Numbers, networks and new possibilities: How Rachel Sitoh found her future in data engineering

November 3, 2025

When Data Science and Analytics alumnus Rachel Sitoh first joined global investment management firm Qube Research and Technologies as an intern, she did not expect to find herself immersed in the intricate world of data pipelines, market signals and alphas. What she discovered, however, was a role that brought her passion for data engineering to life - and set her on a clear career path.

“I realised very quickly that what I was learning aligned closely with my career goals. This was the kind of environment I wanted to grow in,” she says.

During her internship, Rachel gained a front-row view of how insights unlocked from data shape financial decision-making in a fast-paced environment. Working closely with the firm’s quantitative researchers, she applied her coding skills to organise and structure vast amounts of financial data, building datasets that would be used to generate trading signals, or alphas - which influence market performance.

“The tasks I worked on weren’t just theoretical exercises,” she adds. “They had a direct impact on profitability and it was rewarding to see my work contribute to that.”

Now a Data Engineer at the same company, Rachel continues to build on the very foundations she developed during her internship, applying her skills at greater scale and complexity - from onboarding new datasets to organising data to support deeper analysis and writing well-structured, adaptive codes.   

Looking back, Rachel sees her internship as the cornerstone that paved the way to a smoother start in her full-time role. It was where she learned the realities of working with data at scale - how to manage massive datasets efficiently, ensure data accuracy and consistency and build systems robust enough to run with minimal oversight. “One of the biggest insights I took away was how crucial it is to keep data clean, accurate and accessible,” she says. “In this field, being both fast and precise makes all the difference.”

Beyond technical skills, the experience also taught her that the true power of data science isn’t just in coding or crunching numbers - it depends as much on collaboration and communication. Today, Rachel focuses on commodity fundamentals, futures and foreign exchange data - but emphasises that her work is not purely technical.

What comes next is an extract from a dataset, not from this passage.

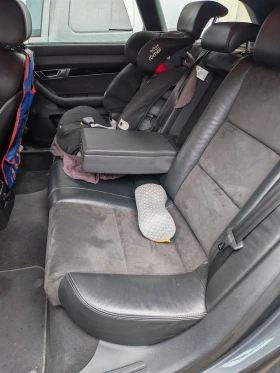 Audi A6 3.0TDI сменени вериги - 7900 € / 15451.06 лв. - 96470030 11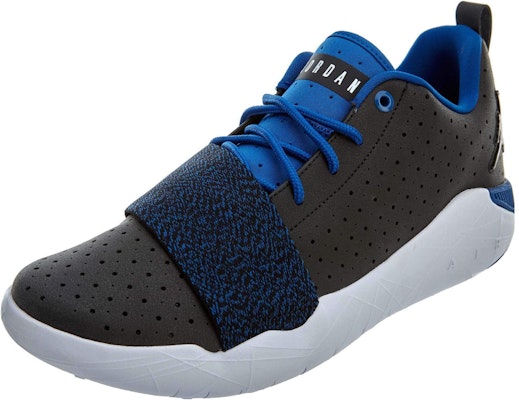 Air Jordan 23 Breakout 'Black Blue' 881449-401 Order Air Jordan 23 Breakout 'Black Blue' 881449-401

“Data only becomes meaningful when it meets the needs of the people who use it,” she explains. By working closely with researchers from different teams, she is able to better structure datasets in ways that make sense for them, occasionally combining data sets with different coverage so that researchers have a more complete data reference source.

While her internship focused on learning and support, her current responsibilities extend to thinking strategically about the value and impact of her work. “I now think more about how my work fits into the bigger picture,” she says.

Those lessons have stayed with her as she takes on greater responsibilities as a full-time data engineer. “I realised how much I enjoy the technical aspects - the building and optimisation - and how much there still is to learn,” she says.

Now, Rachel hopes to deepen her expertise and develop a niche in specific financial products. “Working with a wide range of data showed me just how many possibilities there are in this field.”